Directions: Nothing but the lines from the one containing "Decorazioni artigianali floreali in metallo" through the last line of the material should appear in the answer, transcribed exactly, pictures excluded.

##### Source material

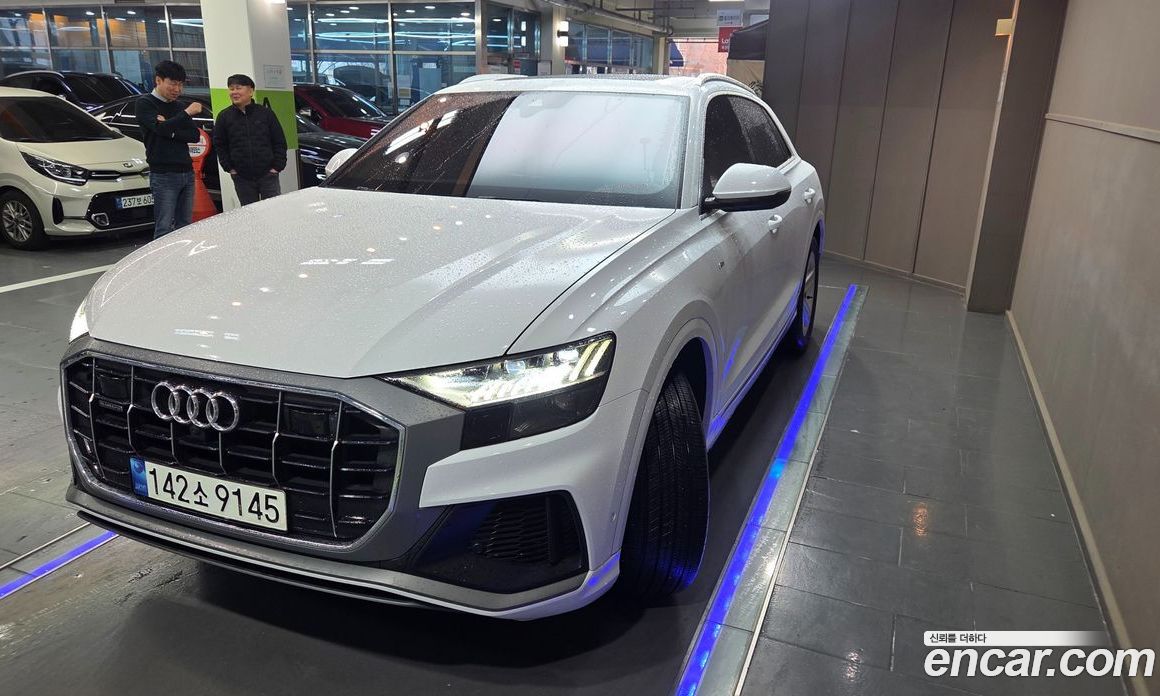 Audi Q8 (4M) фото 3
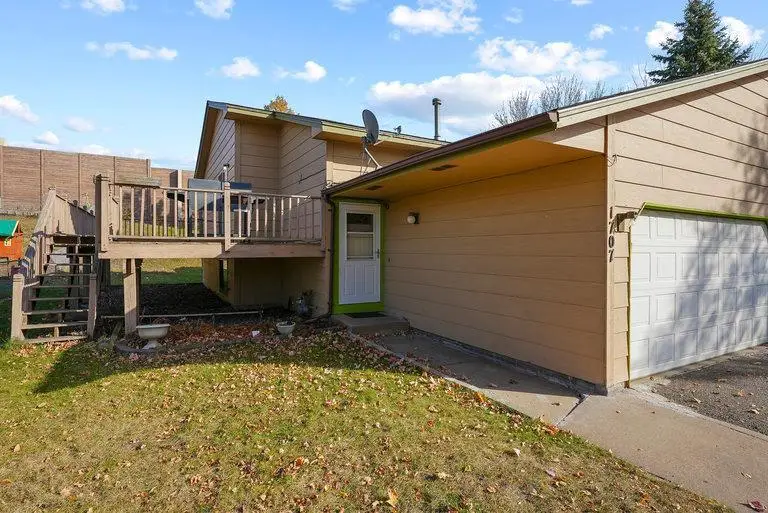 1707 Hallmark Avenue N, Oakdale, MN 55128 - Image #1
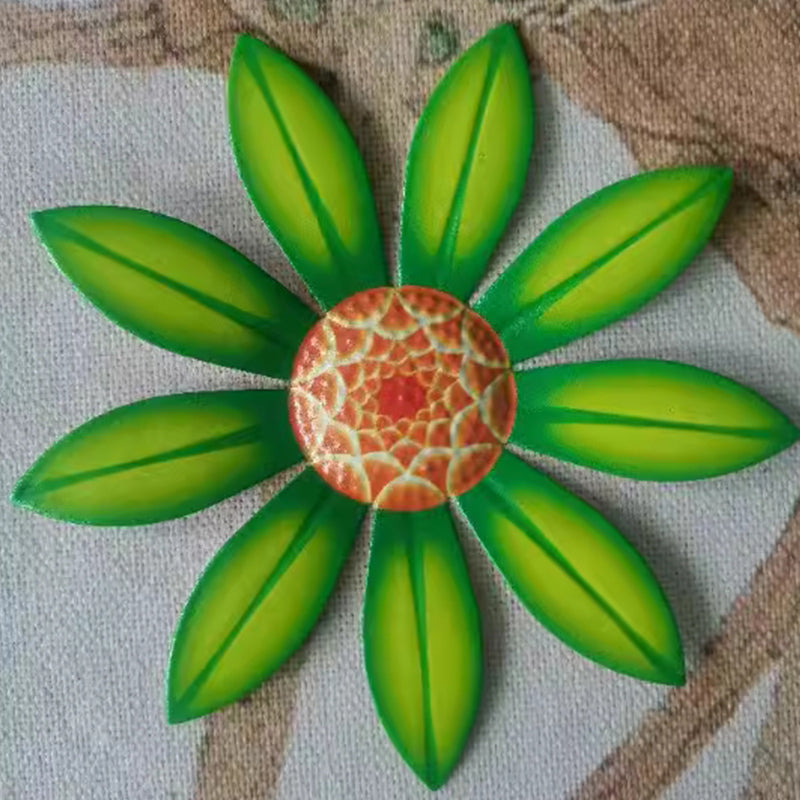 Decorazioni artigianali floreali in metallo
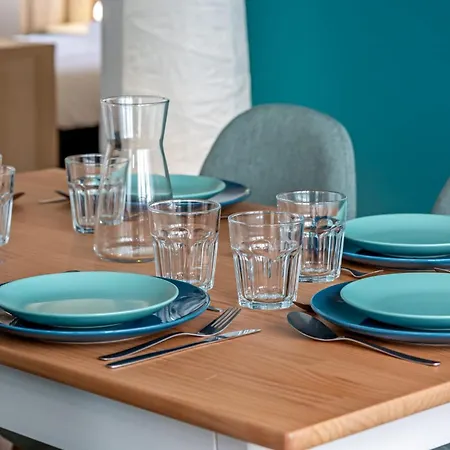 La Des 3 Tours Spacieux 3 아파트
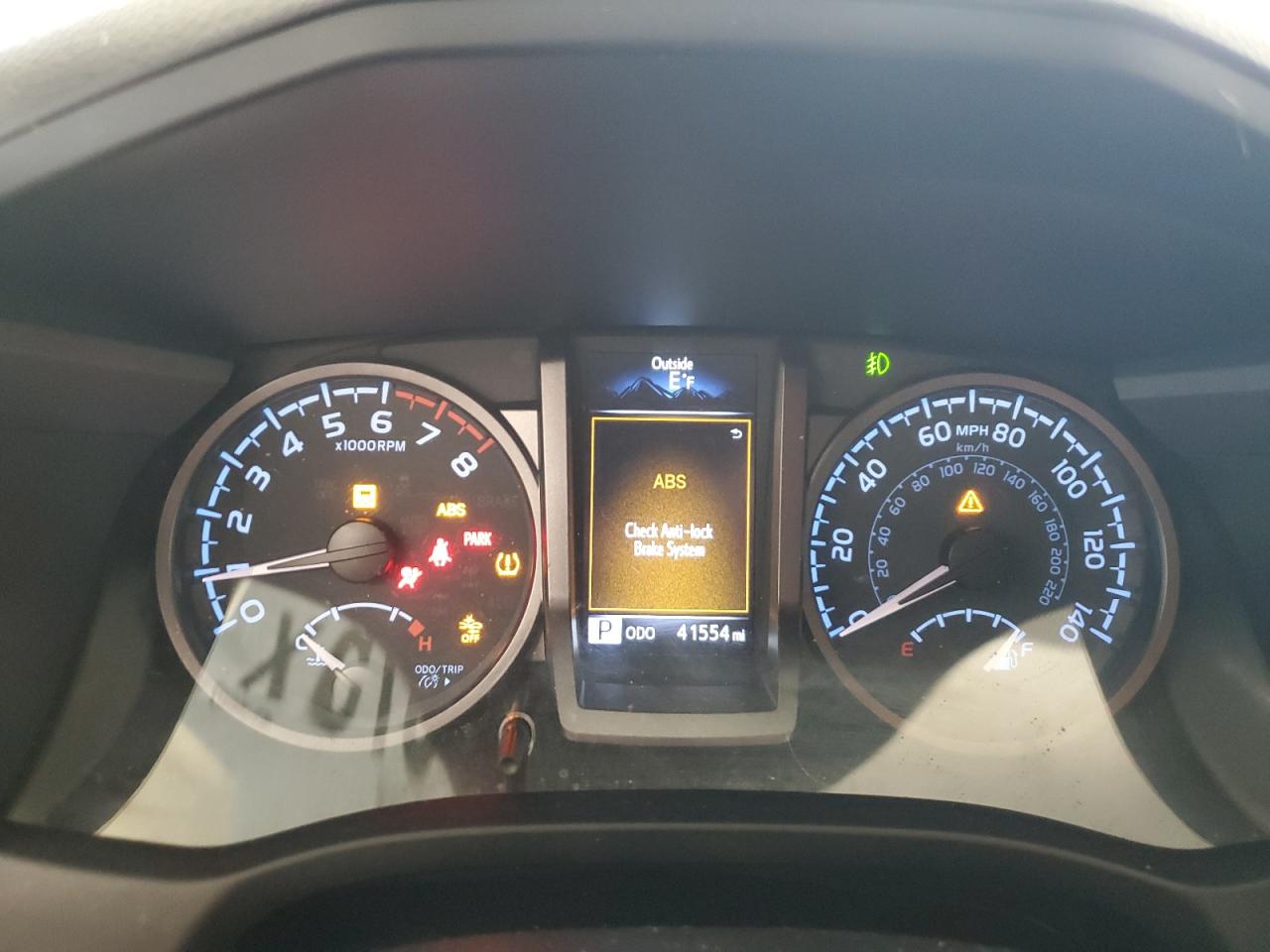 Toyota Tacoma Double Cab Image 13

##########

Answer section:
 Decorazioni artigianali floreali in metallo
 La Des 3 Tours Spacieux 3 아파트
 Toyota Tacoma Double Cab Image 13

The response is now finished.